Female-biased natal and breeding dispersal in an alpine lizard, Niveoscincus microlepidotus

BIOLOGICAL JOURNAL OF THE LINNEAN SOCIETY, Issue 2 2003
MATS OLSSON
We measured two aspects of dispersal in the alpine Australian scincid lizard, Niveoscincus micolepidotus: (1) natal dispersal, i.e. shift in home range over the lizard's first year of life, and (2) breeding dispersal, i.e. shifts of home ranges between breeding attempts as adults. On average, displacements were surprisingly small. Female neonates dispersed about twice as far as did males in the same cohort (means of 12 m vs. 6 m). A female's natal dispersal distance was not correlated with her body size or our estimate of physiological performance (sprint speed). However, larger, faster-running male neonates dispersed further than did smaller, slower males. As was the case for neonates, adult females moved significantly further between breeding seasons than did adult males (14.2 m vs. 9.6 m).
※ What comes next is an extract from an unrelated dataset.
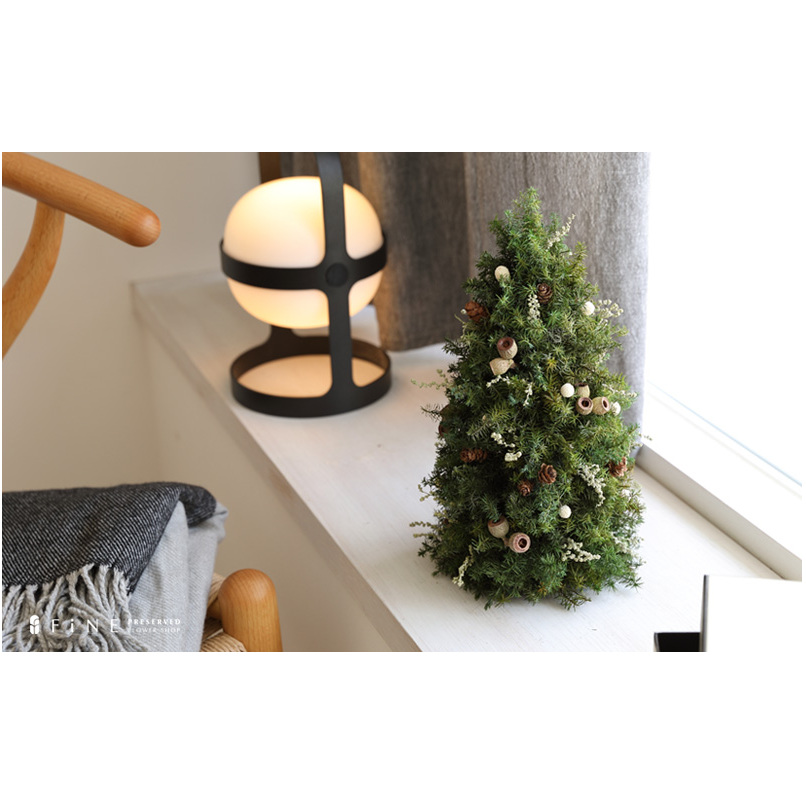 フォレストツリー【クリスマス限定！申込は11月30日まで】
_イメージ3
Because of a female's long gestation period (more than 1 year), two groups of females occur simultaneously in the population, non-ovulated (i.e. with yolking folicles) and pregnant females (i.e. approaching parturition). Females that were not yet ovulated showed a markedly stronger dispersal in response to high reproductive effort (i.e. clutch size in relation to body condition) than did pregnant females. In adult males, body size was negatively correlated with dispersal distance, suggesting that although males have overlapping territories, they exhibit an increasing level of site tenacity with age and/or size. Thus, selection for the relatively more pronounced site tenacity in adult males may have resulted in the more marked philopatric behaviour compared to females also as neonates. © 2003 The Linnean Society of London, Biological Journal of the Linnean Society, 2003, 79, 277,283. [source]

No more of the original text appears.